Background: In head and neck surgery artificial enteral tube feeding is of great importance. Excluding the operation area from direct contact with food helps proper healing of the surgical wound. For these purposes nasogastric (NG) or percutaneous endoscopic gastrostomy (PEG) tubes might be used. Depending of localisation of the tumour different types of surgery are done. Nowadays PEG is widespread and NG tube is perhaps unfairly forgotten. Materials and methods: We examined 96 NG and 75 PEG tube fed patients who were operated for head and neck cancer (HNC). Based on type of surgery we divided our patients in four groups. Group I (n1=57 pts, NG/PEG=28/29) included patients with partial laryngeal and/or partial pharyngeal resection with local reconstruction.

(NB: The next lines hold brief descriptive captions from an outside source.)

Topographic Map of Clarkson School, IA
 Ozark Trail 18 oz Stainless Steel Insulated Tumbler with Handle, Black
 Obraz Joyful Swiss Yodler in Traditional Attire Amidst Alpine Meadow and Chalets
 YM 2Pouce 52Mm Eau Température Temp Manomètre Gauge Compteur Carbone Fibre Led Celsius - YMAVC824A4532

Group II patients (n2=32, NG/PEG=25/7) with total laryngeal resection and partial pharyngeal resection with local reconstruction. Group III patients (n3=32, NG/PEG=13/19) who required flap reconstruction after total laryngectomy and partial pharyngectomy. Group IV patients (n4=50, NG/PEG=30/20) with oral cavity or mesopharyngeal tumour, whose operation in addition to tumour resection involved also mandible resection and flap reconstruction. We investigated complications, the beginning of per os nutrition, the learning of swallowing and the length of the recovery period.
Results:
Group I Group II Group III Group IV
NG PEG NG PEG NG PEG NG PEG
Per os
feeding (days) 25 20* 14 20 29 22* 20 20
Decanulation 36 24*
Emission (days) 39 31* 16 28 34 28* 28 30
Major complic. 8 6 1 1 2 3 5 5
Minor complic. 3 4 4 0 7 5 8 4
* significant difference
Conclusions: PEG is significantly more advantageous than NG tube feeding for patients with supraglottic laryngeal resection, hemipharyngolaryngectomy or total laryngeal and partial pharyngeal resection with flap reconstruction (group I and III). Because of the long recovery time for group IV patients (oral cavity or mesopharynx tumour surgery with mandible resection and flap reconstruction) PEG is recommended.